In today’s plight in India to increase the capital reconstruction of our banks we require around 1.33 lakhs Crores of rupees.  In this the government has committed to stick in with 76000 Crores only and what about the balance to set in. Can we cost the investors on account of this and their hard-earned money from various levels? In fact these common men have deposited their savings and this should be treated as a big help for the banks.  Can they be punished on no account of their faults? There is one aspect in our Indian Banking system governed by Reserve Bank of India.  All Banks to save their depositors there is a system called statutory liquidity ratio that is in this, Banks have to keep in 19.5 % of their depositor’s money.  Likewise another portion called Cash Liquidity ration which is accounting for 22.3 % by all the banks, this is with our Reserve Banks to protect the interest of investors. Hence we need not fear of any loss and that is the statement by the Government. At the same time the rule of Bail in has started working in other countries for their survival. Whereas the countries which have opposed the bail in rule are Australia, China, Indonesia, Russia, South Africa, and Brazil. They are all afraid of using and applying the rule. Why should India alone urge into bring in the system of bail in and what is the necessary? The bail in system has come into being only through G20 summits and we should never recognize. Even though the bill is introduced in Parliament to circumvent our interest, Government has to oppose the same vehemently.

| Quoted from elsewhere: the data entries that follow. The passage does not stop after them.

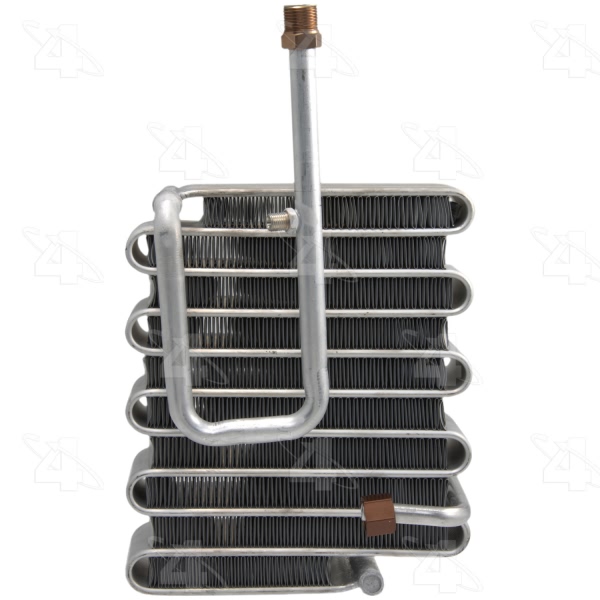 Four Seasons A C Evaporator Core 54671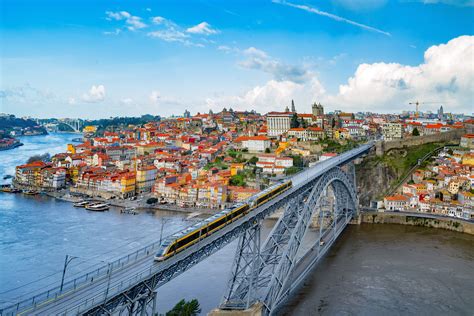 Rodrigo conceição a caminho do moreirense. City Break: 3 days Porto with flights & accommodation incl. breakfast for 798 DKK ...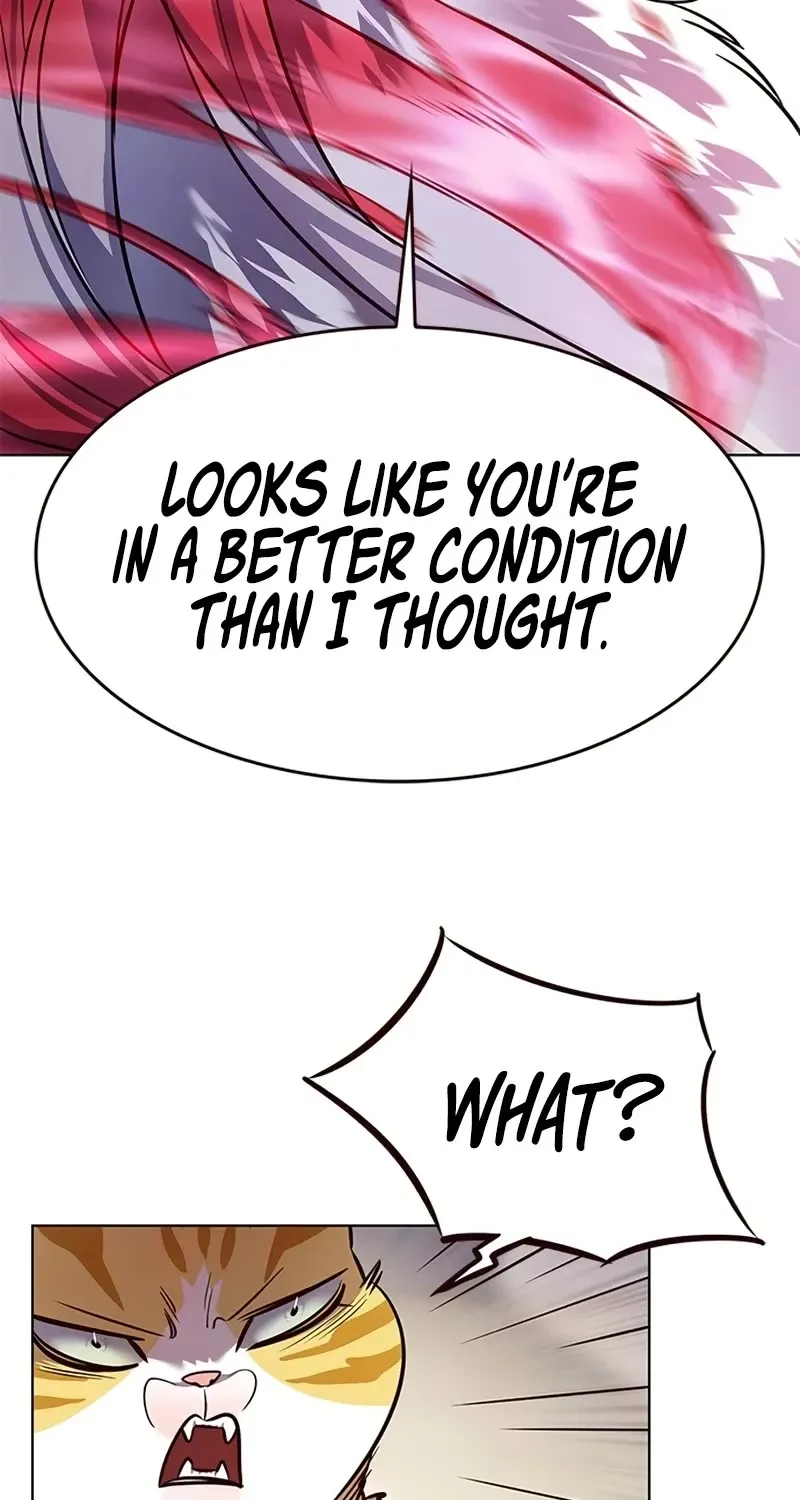 Eleceed Mangakakalot X Chapter 322 Page 107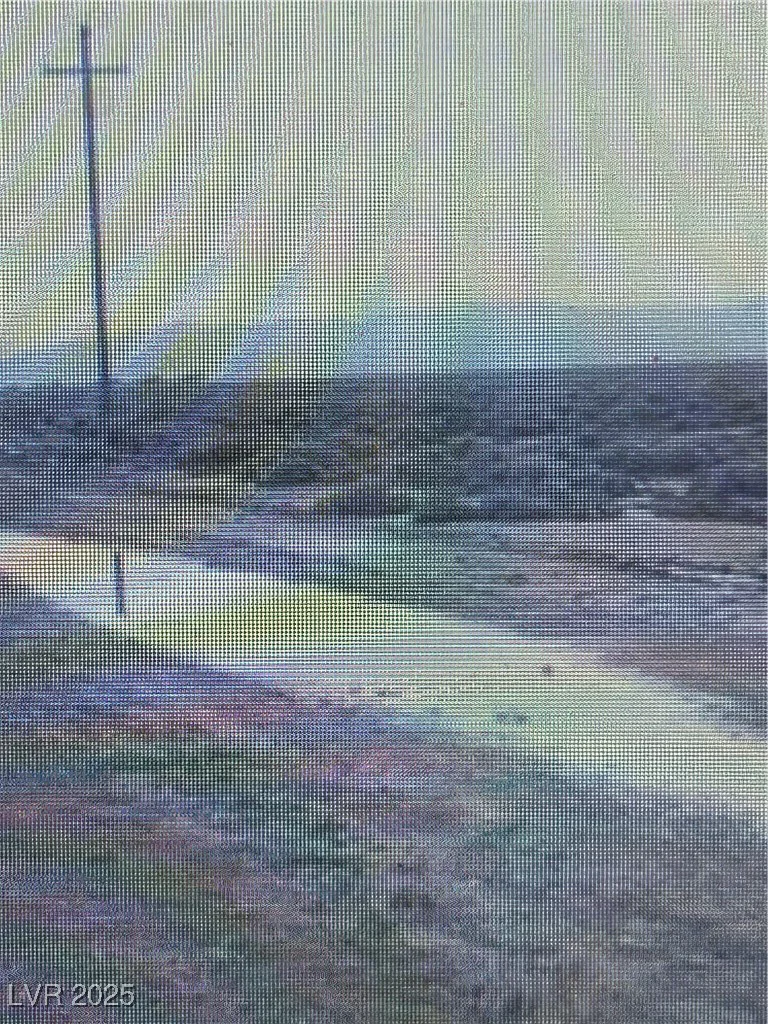 Thermal, Beaver, UT 84752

Our country is one of those developing country and economically weaker society.  To safe guard our interest there is umpteen methods to solve this problem and we should lay outlines for those structures and not to dig in the common man’s interest and earning. The Big corporates and they have to lend a hand in converting their debts into banks treasure and help the economy to go further and build in the resources.  On the contrary they have to be more responsible towards our Banking Economic structure and see through the hurdles in order to develop themselves and our Country.  This is very vital and the Government should induce and legislate a proper ruling on them and see that they come in handy at the time of crisis.

We all hope to build a better India, and the above are only for informing you what is happening around us and we need to lay our next step cautiously with our ears and eyes open.